"Whatever comes back to the store is available for sale," said Terry St. Germain, Habitat's donation coordinator. "The proceeds from what is sold there go toward building new homes."
People will be amazed at the valuable materials they can find in houses and other buildings, said Ted Reiff, president of The ReUse People of America.
"What it costs to build that mantle today none of us can afford," Reiff said about the house the company currently is deconstructing.
Halstead said her company is using the house in Hurricane as a training project, because its owner wasn't interested in applying for tax donations. Therefore, they have no budget and only had four days to take what they could. Normally, to get everything reusable from a house the same size, she said, it would take about four weeks.
The company's next projects in the area will be in Kanawha City and Ansted, she said.
Besides the benefits deconstruction has on the environment, she said, people would enjoy the sentimental and historical value of the antique parts.
"We want to show how beautiful reclaimed materials can be in new homes," she said. "We have a hope that more homes in West Virginia will start using reclaimed materials."
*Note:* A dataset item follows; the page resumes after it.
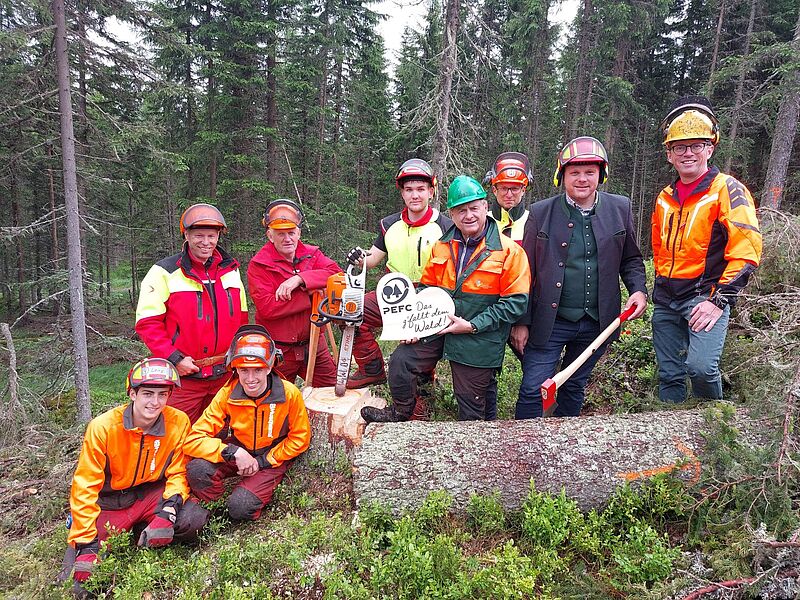 v.l.: Kursteilnehmer, Hans König (ÖBf), Kursteilnehmer, Franz Bliem (ÖBf), Kursteilnehmer, Ökonomierat Rudi Rosenstatter (Waldverband Salzburg), Paul Grimming (LFA Salzburg), DI Mathias Gappmaier (LFS Tamsweg), Johann Schitter (Bezirkbauernkammer-Obmann Lungau) (c) Alexander Zobl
Dale Oxley, owner of Modern Home Concepts in Hurricane, is the contractor helping perform the deconstruction. He will be this region's first certified deconstruction contractor.
"I grew up in this area, and this is all about doing the right thing," Oxley said. "When I was young, the Sycamore landfill was just opening but, in a few years, it will be the highest vantage point in Putnam County."
Oxley said he's adjusting to the process of taking things apart rather than putting them together as a contractor.
"I put things together all the time," he said, "but this is basically running the tape backwards."
Some of WVGreenWorks' goals are to educate the public -- and state legislators -- on what environmentally friendly options are available, Halstead said.
"The idea is to train as many people as possible from around the state so we can get the work done, and divert materials from landfills," she said.
Halstead said the country's landfills are bursting at the seams.
"We have overburdened landfills, and construction debris accounts for a huge amount of stuff. Unless you're living around a landfill, you probably don't really know how bad it is," she said. "We're a throw-away society -- we throw everything away. The business of deconstruction, to me, offers a solution for that."